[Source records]
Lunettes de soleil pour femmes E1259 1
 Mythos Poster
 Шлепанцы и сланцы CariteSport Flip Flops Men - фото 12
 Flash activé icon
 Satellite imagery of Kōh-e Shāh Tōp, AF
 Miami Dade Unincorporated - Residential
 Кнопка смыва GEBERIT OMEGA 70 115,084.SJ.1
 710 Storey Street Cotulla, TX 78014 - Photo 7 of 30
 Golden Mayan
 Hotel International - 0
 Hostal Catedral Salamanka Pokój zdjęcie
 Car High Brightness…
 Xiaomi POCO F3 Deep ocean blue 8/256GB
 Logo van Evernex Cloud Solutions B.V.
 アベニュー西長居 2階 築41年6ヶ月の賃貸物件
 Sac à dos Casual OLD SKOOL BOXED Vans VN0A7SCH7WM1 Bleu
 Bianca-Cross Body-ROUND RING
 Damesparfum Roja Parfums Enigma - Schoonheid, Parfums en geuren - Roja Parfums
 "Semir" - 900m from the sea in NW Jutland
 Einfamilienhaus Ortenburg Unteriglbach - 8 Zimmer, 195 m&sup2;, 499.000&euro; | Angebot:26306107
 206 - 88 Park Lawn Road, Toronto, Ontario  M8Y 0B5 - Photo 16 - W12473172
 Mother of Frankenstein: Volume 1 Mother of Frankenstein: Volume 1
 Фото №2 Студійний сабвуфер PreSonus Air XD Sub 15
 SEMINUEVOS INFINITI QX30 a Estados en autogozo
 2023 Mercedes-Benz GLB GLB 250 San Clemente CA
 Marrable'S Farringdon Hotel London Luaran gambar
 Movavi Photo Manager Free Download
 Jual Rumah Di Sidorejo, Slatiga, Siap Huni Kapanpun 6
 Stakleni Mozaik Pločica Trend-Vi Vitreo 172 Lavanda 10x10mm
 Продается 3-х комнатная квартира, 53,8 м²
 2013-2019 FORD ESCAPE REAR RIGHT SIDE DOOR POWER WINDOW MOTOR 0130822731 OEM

EXERCISE BRIEF » Repeat only the tail of the entries, exactly: the line containing "Flash activé icon" and every line after it, to the end.

EXERCISE ANSWER »
 Flash activé icon
 Satellite imagery of Kōh-e Shāh Tōp, AF
 Miami Dade Unincorporated - Residential
 Кнопка смыва GEBERIT OMEGA 70 115,084.SJ.1
 710 Storey Street Cotulla, TX 78014 - Photo 7 of 30
 Golden Mayan
 Hotel International - 0
 Hostal Catedral Salamanka Pokój zdjęcie
 Car High Brightness…
 Xiaomi POCO F3 Deep ocean blue 8/256GB
 Logo van Evernex Cloud Solutions B.V.
 アベニュー西長居 2階 築41年6ヶ月の賃貸物件
 Sac à dos Casual OLD SKOOL BOXED Vans VN0A7SCH7WM1 Bleu
 Bianca-Cross Body-ROUND RING
 Damesparfum Roja Parfums Enigma - Schoonheid, Parfums en geuren - Roja Parfums
 "Semir" - 900m from the sea in NW Jutland
 Einfamilienhaus Ortenburg Unteriglbach - 8 Zimmer, 195 m&sup2;, 499.000&euro; | Angebot:26306107
 206 - 88 Park Lawn Road, Toronto, Ontario  M8Y 0B5 - Photo 16 - W12473172
 Mother of Frankenstein: Volume 1 Mother of Frankenstein: Volume 1
 Фото №2 Студійний сабвуфер PreSonus Air XD Sub 15
 SEMINUEVOS INFINITI QX30 a Estados en autogozo
 2023 Mercedes-Benz GLB GLB 250 San Clemente CA
 Marrable'S Farringdon Hotel London Luaran gambar
 Movavi Photo Manager Free Download
 Jual Rumah Di Sidorejo, Slatiga, Siap Huni Kapanpun 6
 Stakleni Mozaik Pločica Trend-Vi Vitreo 172 Lavanda 10x10mm
 Продается 3-х комнатная квартира, 53,8 м²
 2013-2019 FORD ESCAPE REAR RIGHT SIDE DOOR POWER WINDOW MOTOR 0130822731 OEM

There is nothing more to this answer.